(What needs to be done): Transcribe the whole listing below. Pictures do not go in the copy.

(Dataset extract):
# # # #

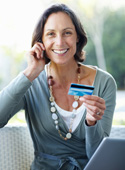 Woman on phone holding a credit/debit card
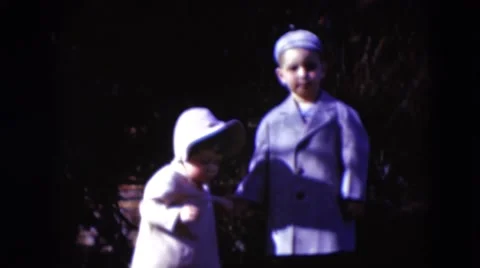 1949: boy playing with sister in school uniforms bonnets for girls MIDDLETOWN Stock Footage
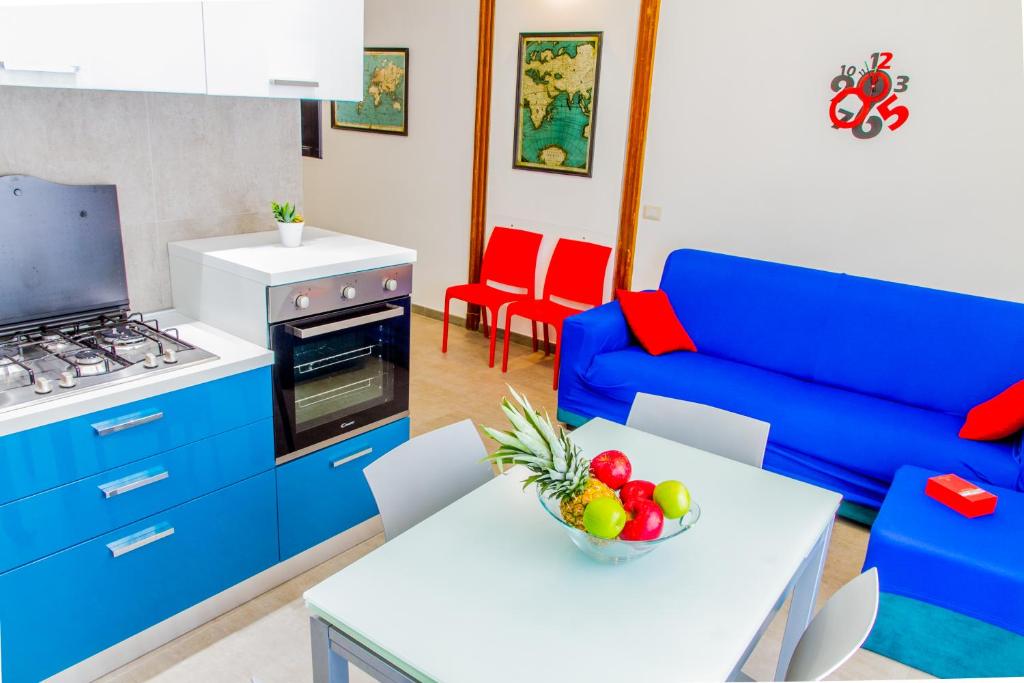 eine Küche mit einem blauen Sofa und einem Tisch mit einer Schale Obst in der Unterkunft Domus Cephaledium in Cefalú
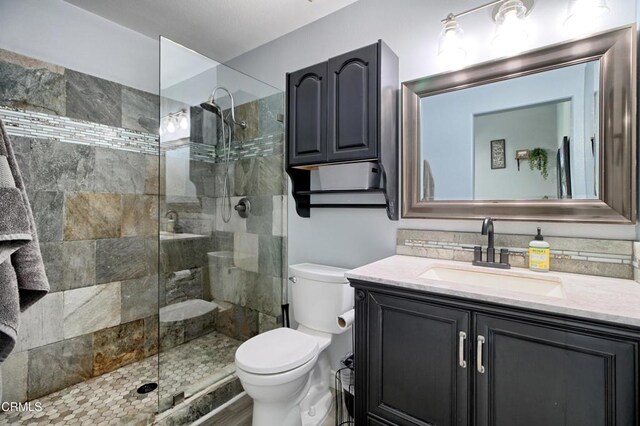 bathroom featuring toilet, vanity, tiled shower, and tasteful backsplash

# # # #

(Answer to this exercise):
 Woman on phone holding a credit/debit card
 1949: boy playing with sister in school uniforms bonnets for girls MIDDLETOWN Stock Footage
 eine Küche mit einem blauen Sofa und einem Tisch mit einer Schale Obst in der Unterkunft Domus Cephaledium in Cefalú
 bathroom featuring toilet, vanity, tiled shower, and tasteful backsplash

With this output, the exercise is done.